I have been a fan of the Ann Rice book since it was released in 1976 and I still have my original paperback copy. The back cover had models portraying the main characters in a formal portrait and that image of them stuck with me and became how I visualized them. There were followup books, though the first of them "The Vampire Lestat" took awhile to come out the rest were written much quicker and soon Rice had several series of supernatural series covering all sorts of occult subjects, with varying degrees of success in my opinion. A film version of "Vampire" was released in 1984 and while it had some lovely cinematography and a well know, good-looking cast it was TERRIBLE. Miscast and, apparently due to the objections of Tom Cruise, it erased all the gayness which made the book so fascinating when it was released. Cruise tried to make his version of Lestat the highlight of the film and Will credit him for making a huge effort in the role. However taking away the character's queerness took away the character and all that effort was not enough to save the project.

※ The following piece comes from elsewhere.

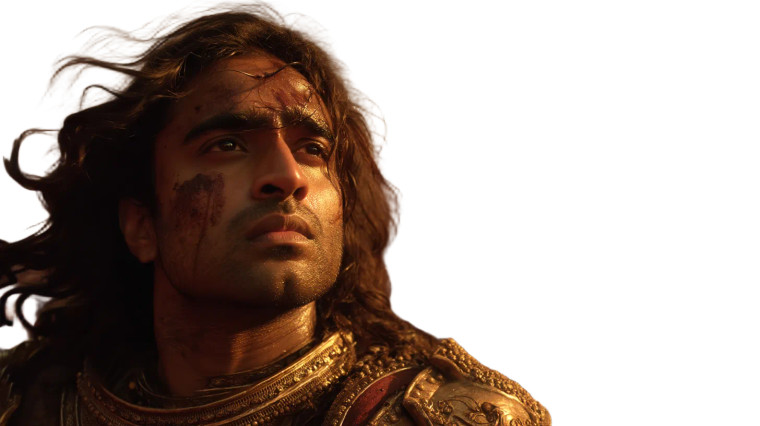 Karna On Kurukshetra V2 Vinyl Car Decal Sticker – Waterproof & UV-Resistant 8"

Now we have TV series based on the same material and I was not too hopeful how it would come out. I knew in advance they had changed the time period and were going to play quite a bit with the original storyline of a book I simply LOVE. Louis de Pointe du Lac is now a rich black brothel owner, not a white plantation owner and the story has shifted about 100 years later than the novel. The original story still exists in it's original form by way of this being a second meeting of the now old, dying of Parkinson's journalist (Eric Bogosian) once again meeting with Louis who wants to redo the interview after admitting he wasn't entirely honest the first time around. He provides evidence of his current version with diaries and newspaper clipping etc to show his good faith and also to give us, the viewer, more insight into other characters in their own words.
As the interview progresses, the familiar story is presented in different ways and some elements are changed completely. Louis has a servant (Assad Zaman) who arises the suspicion in the journalist that even this new interview might be given by an unreliable narrator - and he is not wrong.

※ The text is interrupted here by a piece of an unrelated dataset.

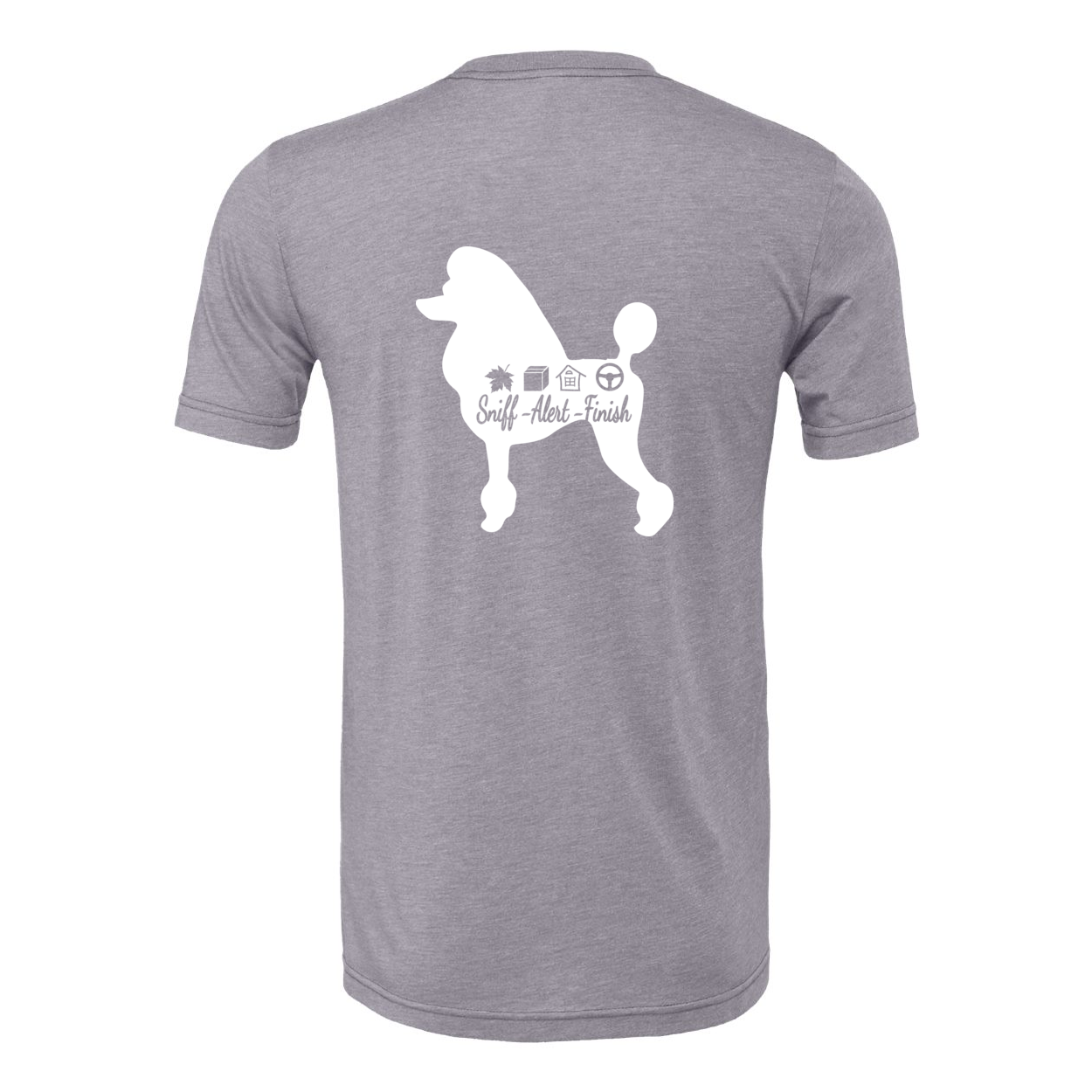 Scent Poodle Show Cut F/B Unisex Short Sleeve Jersey Tee - WagALotBowWow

I don't want to spoil things as this series is absolutely fantastic and gives us the tone and feeling of the book while at the same time letting it be its own thing. It adds to the book, a rare thing, and does not shy away for the queer elements (not at all) and introduces new ones like Louis having to deal with racial and sexual prejudices which really adds to the character in ways I wouldn't not have predicted. Jacob Anderson IS Louis, the pouty, miserable vampire of the books but with much more context. And my goodness is he beautiful both physically and as an actor in the role. Sam Reid grew on me as Lestat and his wrath and mental instability is terrifying. His French accent is a little off for me so it took me longer to buy him as Lestat but he really succeeded in getting me on board. Bailley Bass is Claudia, the young girl who is made a vampire to complete their little vampire family. In the show she is not a 5 year old but a teenager and Bass runs away with the adolescent rebellion as only a vampire stuck forever in a teenager's body can. Being transformed so young, killing and living as a supernatural creature is all she knows and that makes her more dangerous than maybe Lestat and Louis could have anticipated.

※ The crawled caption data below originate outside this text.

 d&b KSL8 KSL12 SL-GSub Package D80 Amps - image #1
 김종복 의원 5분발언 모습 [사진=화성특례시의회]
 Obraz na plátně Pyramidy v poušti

This series has been beyond good and doesn't seem to have a huge backlash some other reboots or followup properties have in recent years. Some of that is the quality of the show nullifies the dumb internet bigotry and some might be is has slipped in under the radar just enough to have avoided the attention of Russian trolls. Hard to say. There is some what I would call light nudity and sexuality but there is some pretty nasty violence... I mean several times during the season I was really taken aback by it. It isn't without purpose, however. Everything in this show seems to have purpose and leads somewhere interesting. The second season can't come soon enough.
2 comments:
I have heard nothing but good things about this series and think, especially after your review, I will give it a try. I wasn't a huge fan of the books, but I liked the two or three I read. The original movie was still pretty gay for Cruise who is...laughable in the role. Actually, everyone is except Kirsten Dunst. I'll try and check this one out. Thanks!
I like the changes they made except for the extreme violence they added here and there. I look forward to the second season as they are going in a different direction than the books. I loved the first, liked the second and loathed the third and stopped reading them.